→ TASK DETAILS
Please return only the lines between the line with "Camilla Parker Bowles, Michael" and the final line of the entries, both included, and exclude pictures.
----------
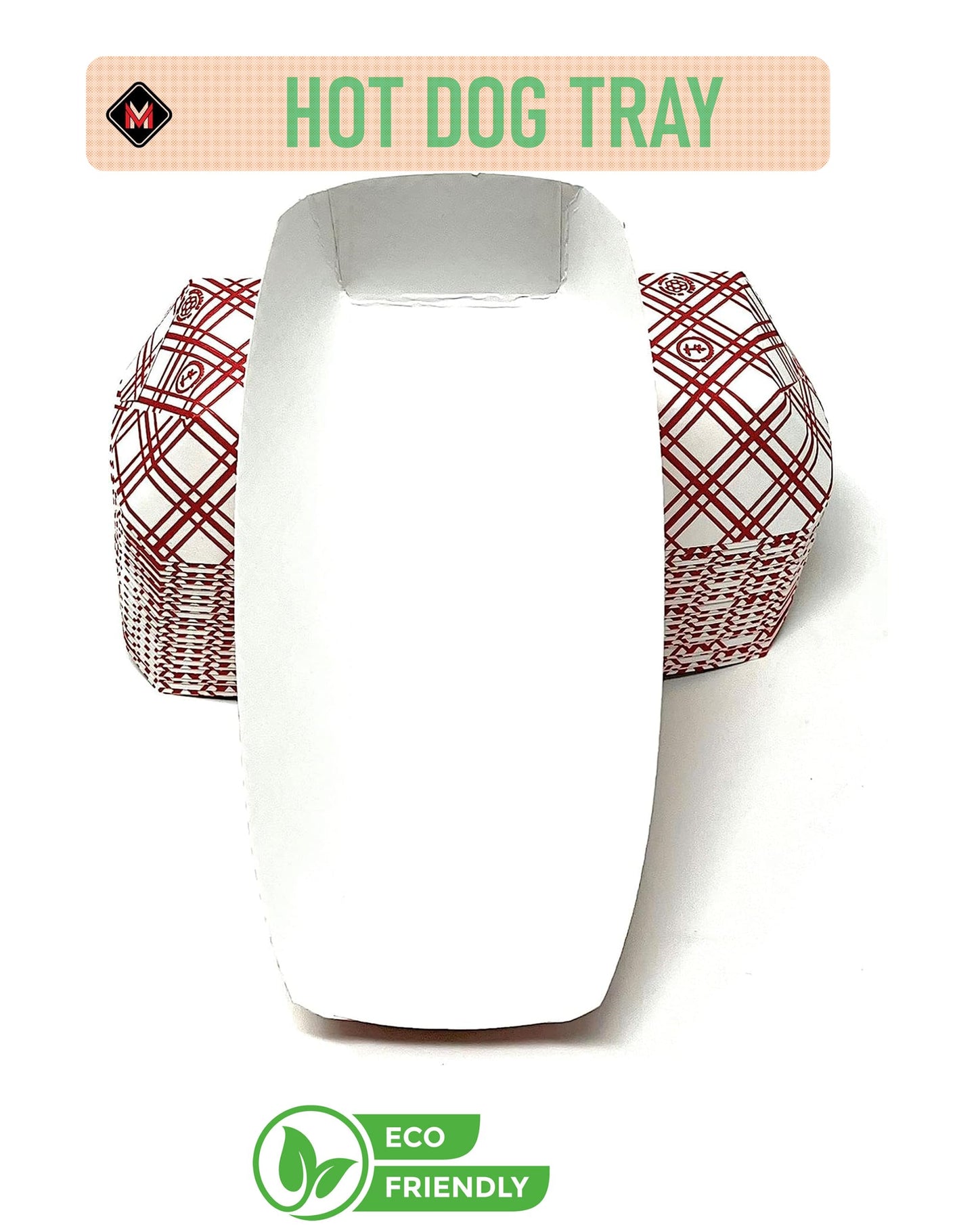 Mr Miracle 7 Inch Paper Hot Dog Tray in Red White Pattern. Pack of 100. Disposable, Recyclable and Fully Biodegradable. Made in USA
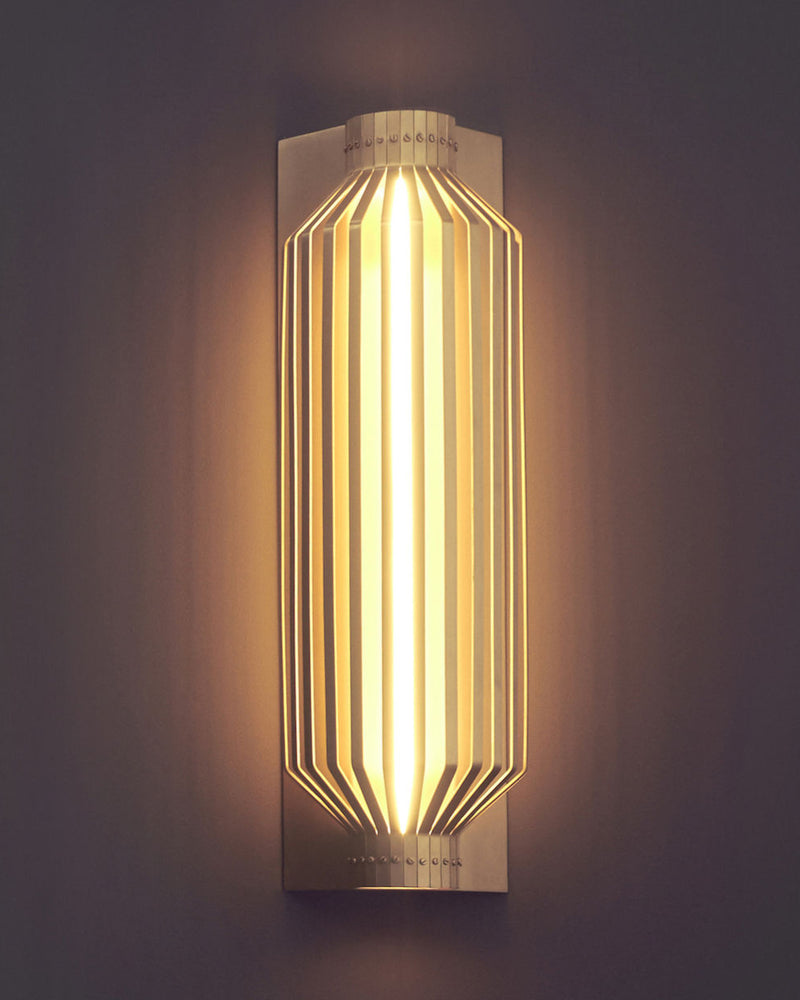 Modern wooden Tower wall light with vertical slat design glowing warmly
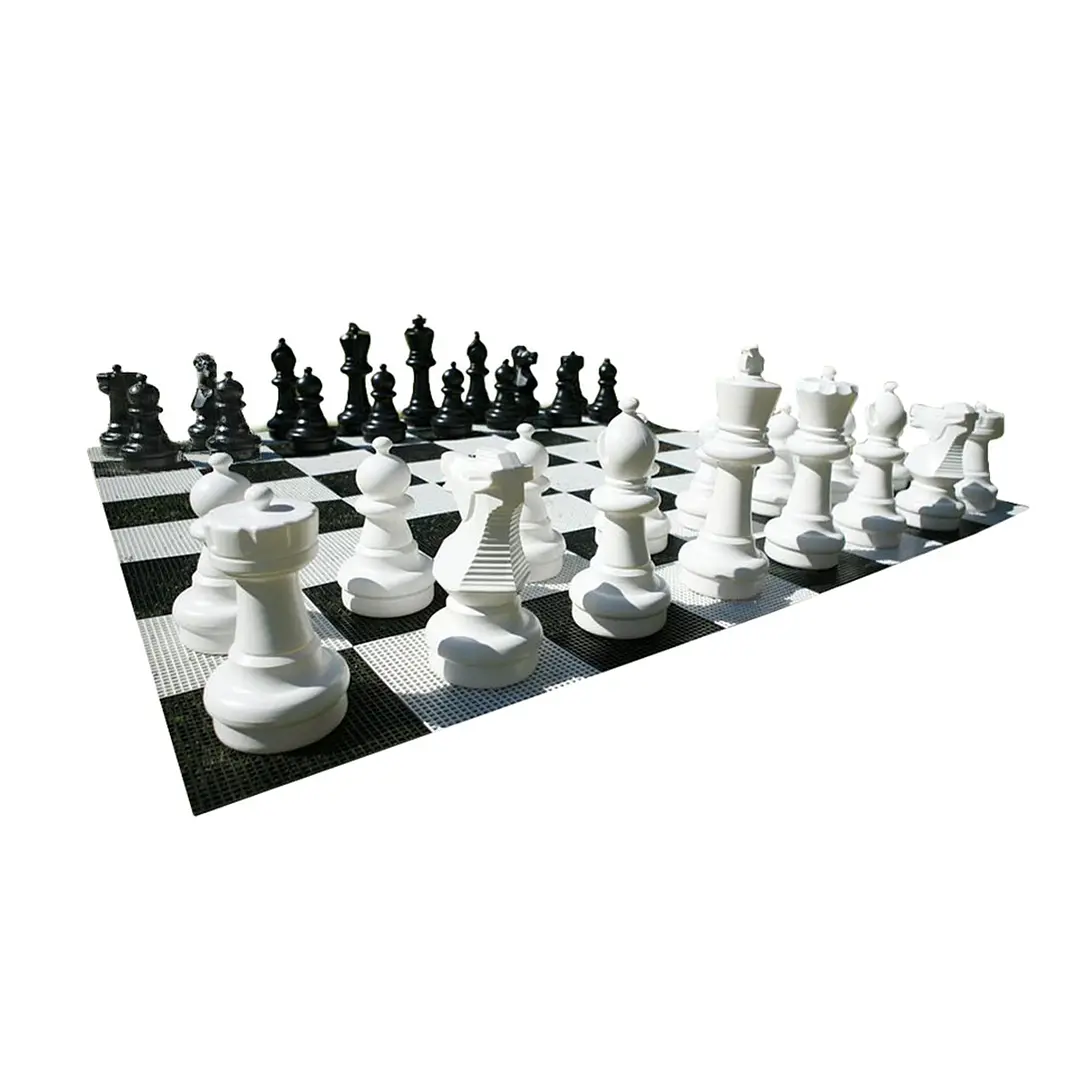 Ajedrez Gigante con tablero de alto tráfico (no nylon) - piezas negro/blanco 2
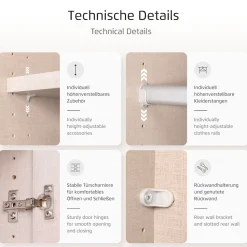 OTTO home Kleiderschrank »Schlafzimmer Schrank Garderobe RONDO Breiten 136/181/226/271 cm« 3 verschiedene Ausstattungen BASIC/CLASSIC/PREMIUM (inkl. SOFT-CLOSE),elegante ovale Spiegelelemente Metallgriffe in Schwarz MADE IN GERMANY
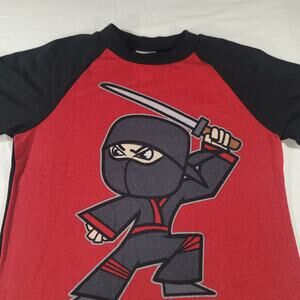 Up Late Ninja Short Sleeve Graphic Crew Neck T-Shirt Youth Boys Size 8 Red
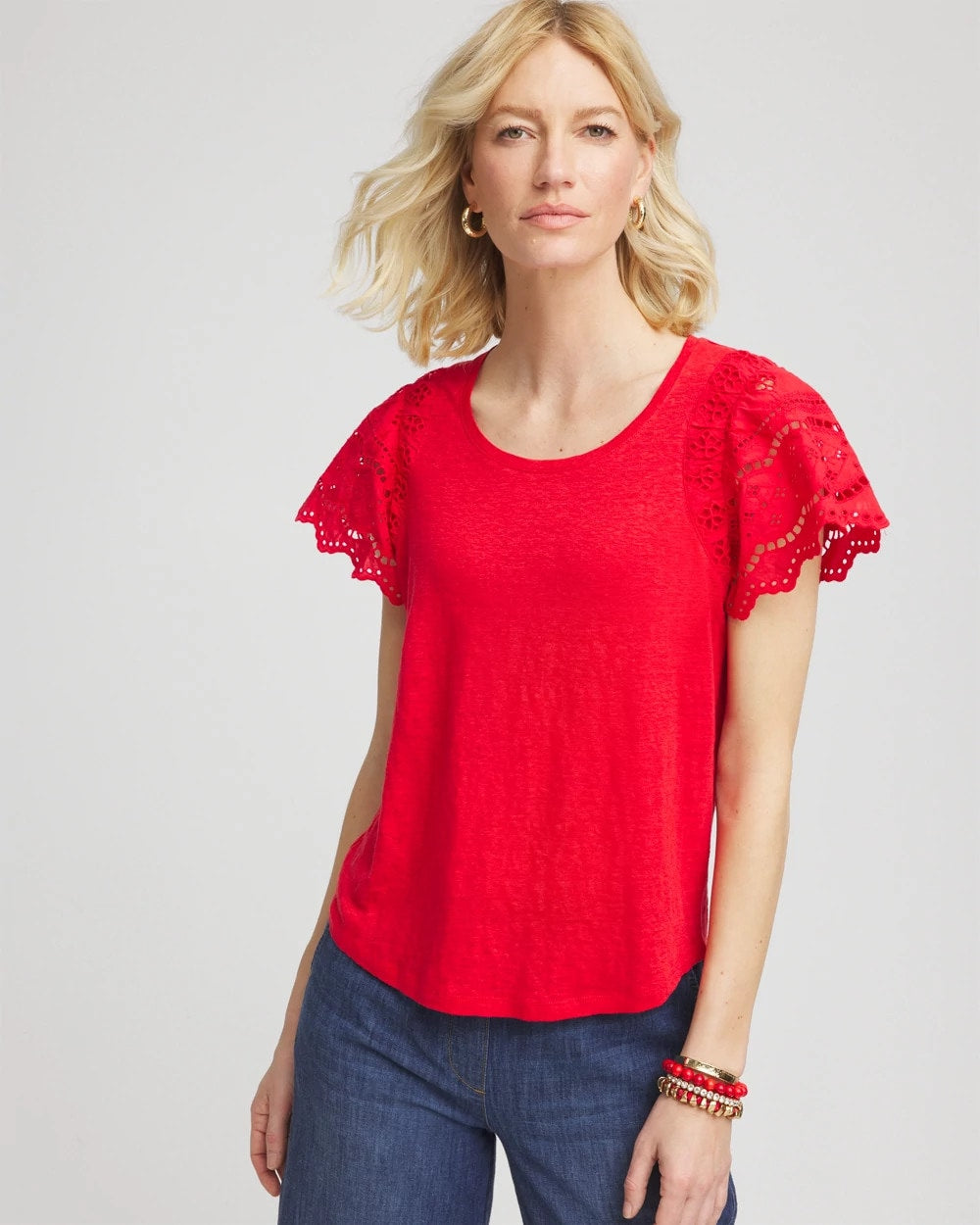 Chico's Recommended - Linen Embroidered Lace Tee Red Glow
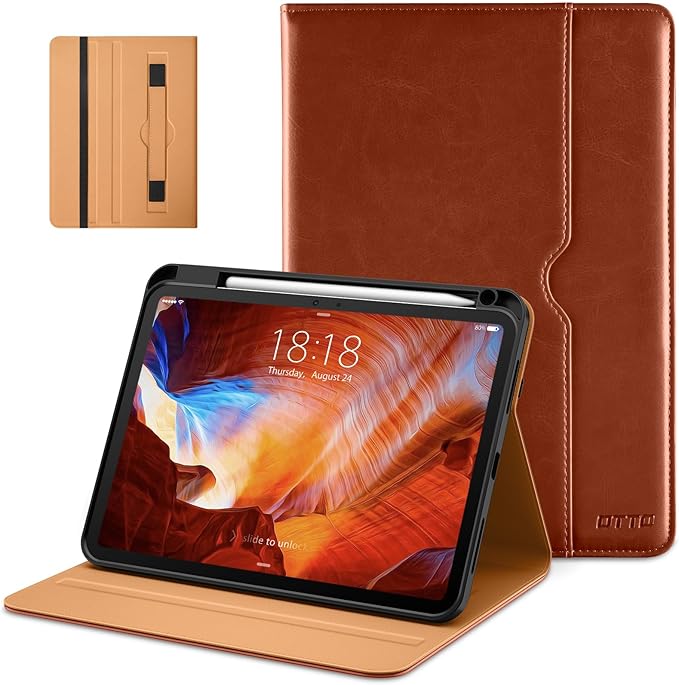 Load image into Gallery viewer, Apple iPad Pro 11-inch M4 (2024) - Premium Leather Business Folio Stand Cover With Pencil Holder - Auto Wake/Sleep And Multiple Viewing Angles Case
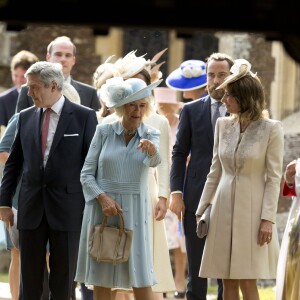 Camilla Parker Bowles, Michael et Carole Middleton lors du baptême de la princesse Charlotte en l'église Saint Mary Magdalene de Sandringham, le 5 juillet 2015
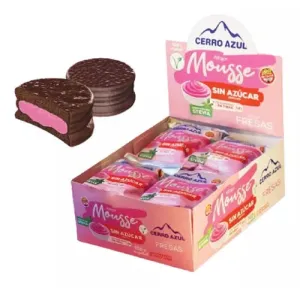 Cerro Azul - Vegan Alfajor of Dark Chocolate Filled With Strawberry Mousse 12u. 660g/1.45lb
----------
→ OUTPUT FOR THIS TASK
 Camilla Parker Bowles, Michael et Carole Middleton lors du baptême de la princesse Charlotte en l'église Saint Mary Magdalene de Sandringham, le 5 juillet 2015
 Cerro Azul - Vegan Alfajor of Dark Chocolate Filled With Strawberry Mousse 12u. 660g/1.45lb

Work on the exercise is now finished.